Menurut dia, permasalahan dari kenaikan harga beras ini sebenarnya terletak pada penawaran (supply) dan permintaan (demand).
"Artinya kalau memang supply banyak, pasti harga beras turun. Kalau supply sedikit, harga beras pasti naik. Buat apa kita pake HET? Persoalannya produksi," kata Yeka dalam konferensi pers di kantor Ombudsman RI, Jakarta, Senin (18/9/2023).
Baca juga: Harga Beras Medium Hari Ini Naik, Tembus Rp13.040 Per Kg, Pemerintah Klaim Akan Turun
Ia lalu memaparkan bagaimana persentase kenaikan harga beras premium sejak September 2022 hingga September tahun ini memiliki angka yang lebih tinggi dibanding kenaikan HET.
Angka HET dinaikkan dari Rp 12.800 menjadi Rp 13.900, yang berarti terjadi kenaikan sebesar Rp1.100 atau sekitar 8,58 persen.
Nah, kenaikan harga berasnya melebihi itu. Dalam periode yang sama, kenaikannya berada pada rentang 12,34 persen hingga 15,62 persen.
"Artinya, ada peningkatan yang didorong bukan karena persoalan HET, tapi persoalan supply dan demand," ujar Yeka.

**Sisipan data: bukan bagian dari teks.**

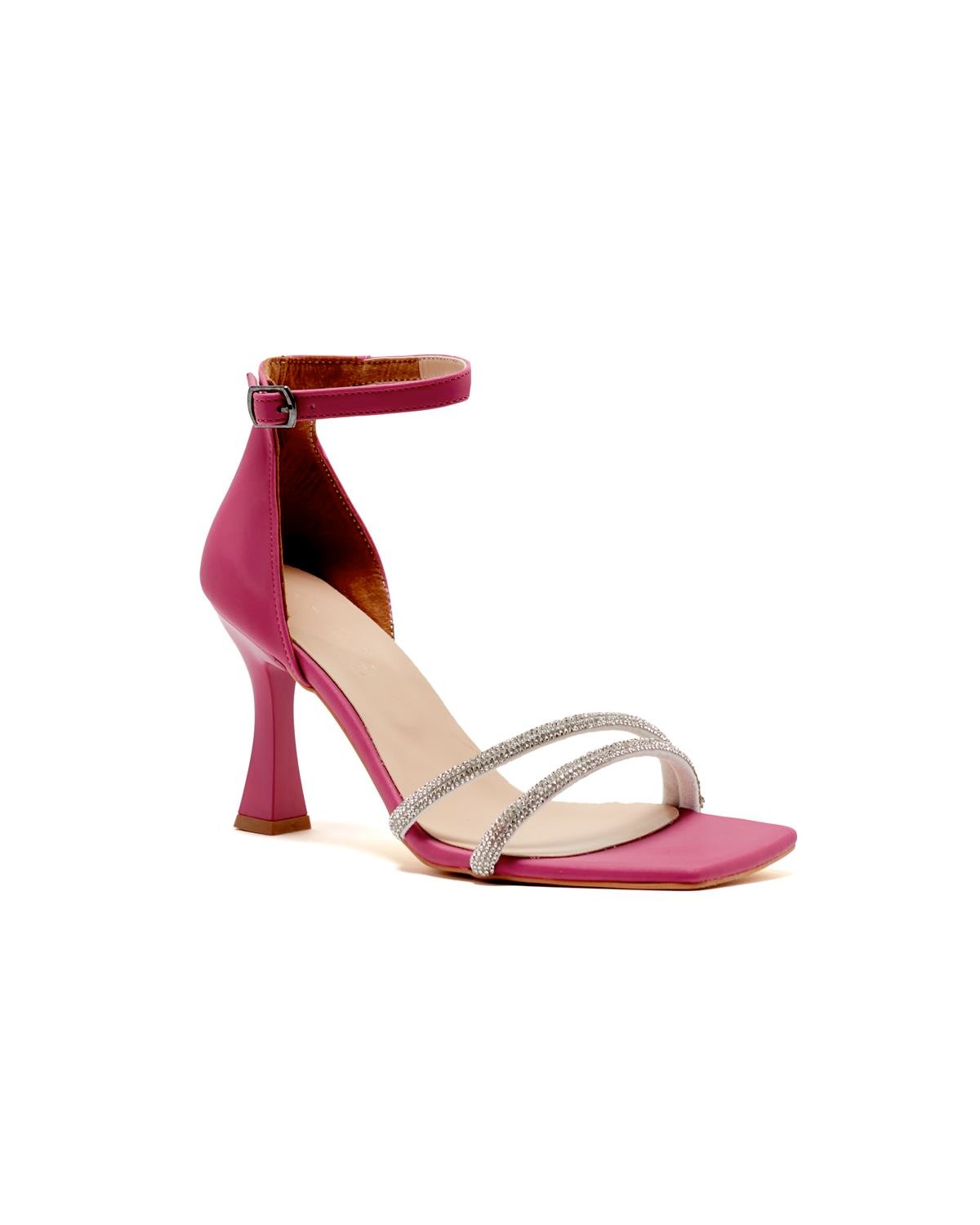 Nafide ABİYE AYAKAKKABI 9cm -2651-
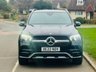 USED 2022 22 MERCEDES-BENZ GLE 2.9 GLE400d AMG Line (Premium) SUV 5dr Diesel G-Tronic 4MATIC Euro 6 (s/s) (7 Seat) (330 ps) LEATHER+SAT NAV+7 SEATS+ULEZ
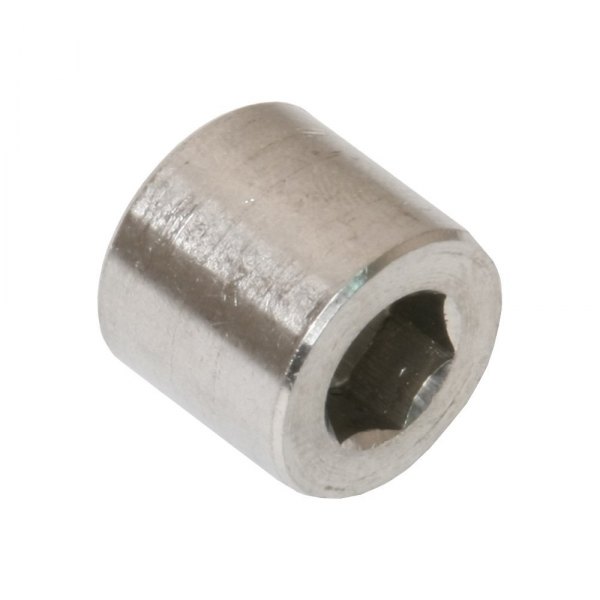 URO Parts® - Stainless Steel Exhaust Nut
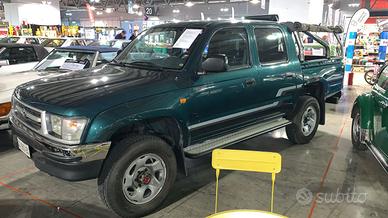 Toyota hilux 1998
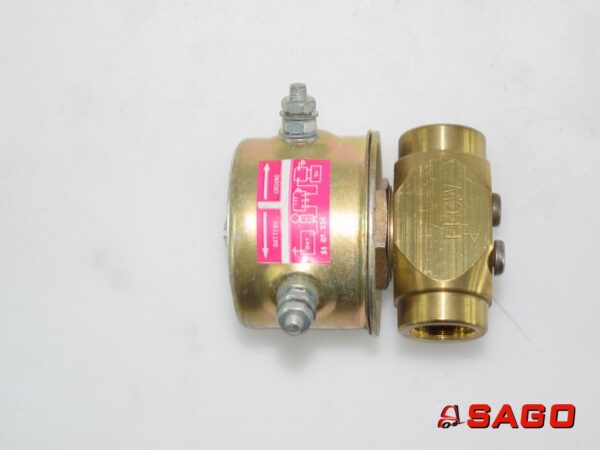 Jumbo Hydraulika - Typ: 65905 Abstellventil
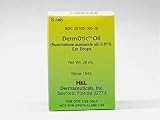 DERMOTIC OIL .01% EAR DROP 20ML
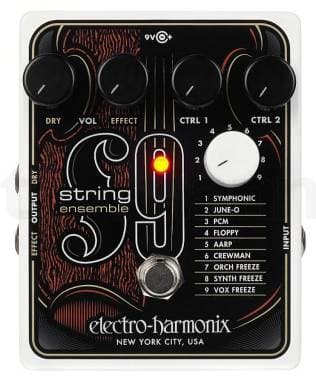 Electro Harmonix String9 String Ensemble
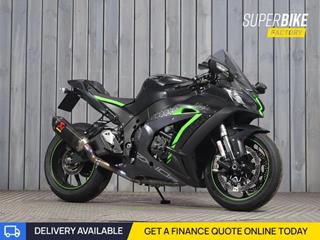 KAWASAKI ZX-10R 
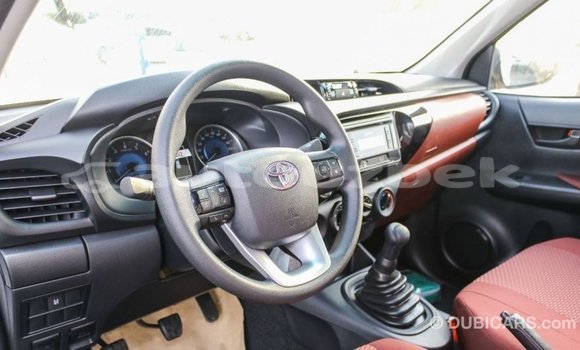 Buy Import Toyota Hilux White Car in Import - Dubai in Andijon Buy Import Toyota Hilux White Car in Import - Dubai in Andijon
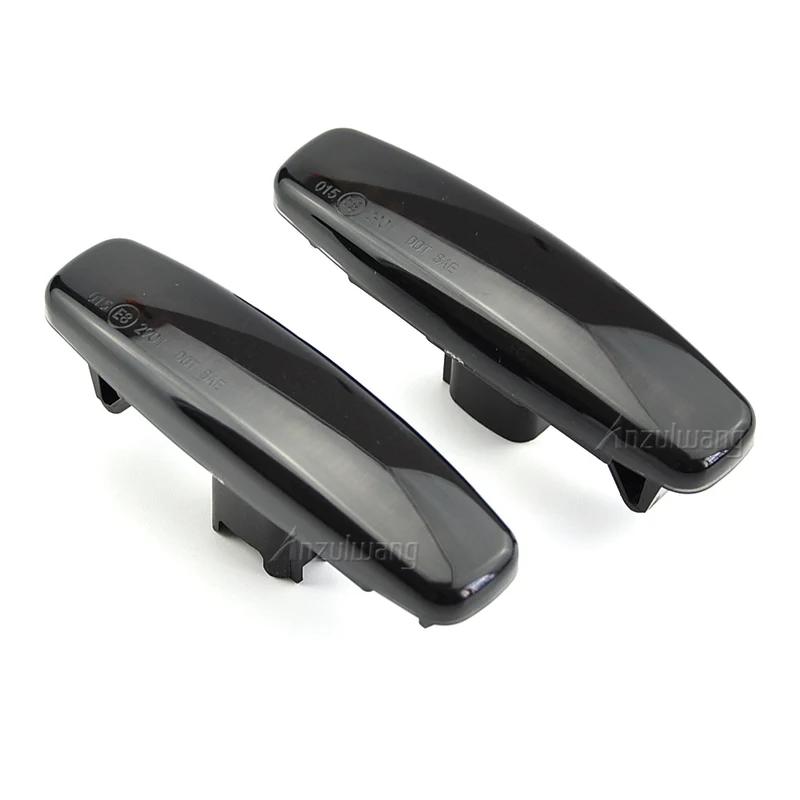 

Динамический светодиодный сигнальный светильник бокового зеркала для Infiniti EX25 EX35 EX37 FX35 FX37 FX50 G25 G35 G37 Q40 Q60 Q70 QX50 QX70 M25 M37 JX35 дымный черный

Sama halnya dengan harga beras medium. HETnya sudah dinaikkan dari Rp 9.450 menjadi Rp 10.900, tapi kenaikan harga beras per kilogramnya masih di atas itu.

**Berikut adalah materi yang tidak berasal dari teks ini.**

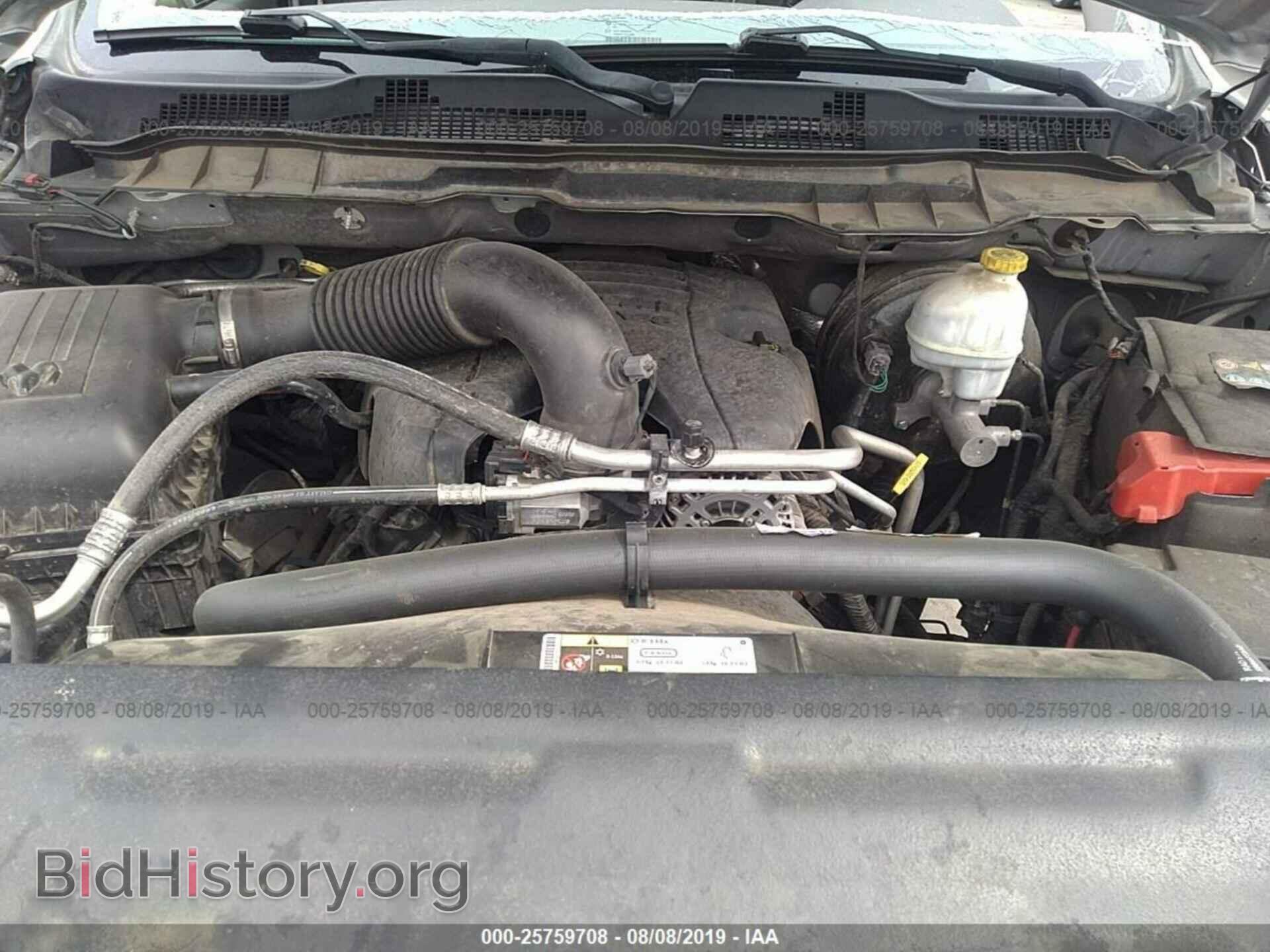 2013 RAM 1500 - VIN: 1C6RR6LT9DS656480 - Photo 10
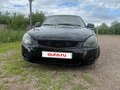 2008 Lada (ВАЗ) Priora I, чёрный, 165000 рублей - вид 1
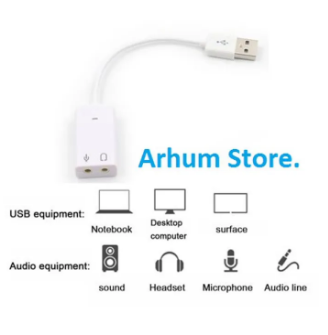 USB Sound Adopter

Baca juga: 2.000 Ton Beras Masuk Pasar Induk Cipinang, Bapanas: Harga Beras Bakal Turun Besok
Kenaikan dari Rp 9.450 ke Rp 10.900 berarti sekitar 15,3 persen. Sedangkan kenaikan haga beras medium sejak September tahun lalu hingga tahun ini berada pada rentang 15,25 hingga 20,15 persen.
Yeka kemudian mengatakan bahwa dari pengawasan HET ini juga sejatinya sudah terlihat aneh karena rumitnya dalam melakukan penindakan.
"Bagaimana caranya mau melakukan penindakan terhadap ratusan ribu toko warung se-Republik Indonesia? Masa gitu cara mengawasinya. Kan ada yang aneh dari HET itu," katanya.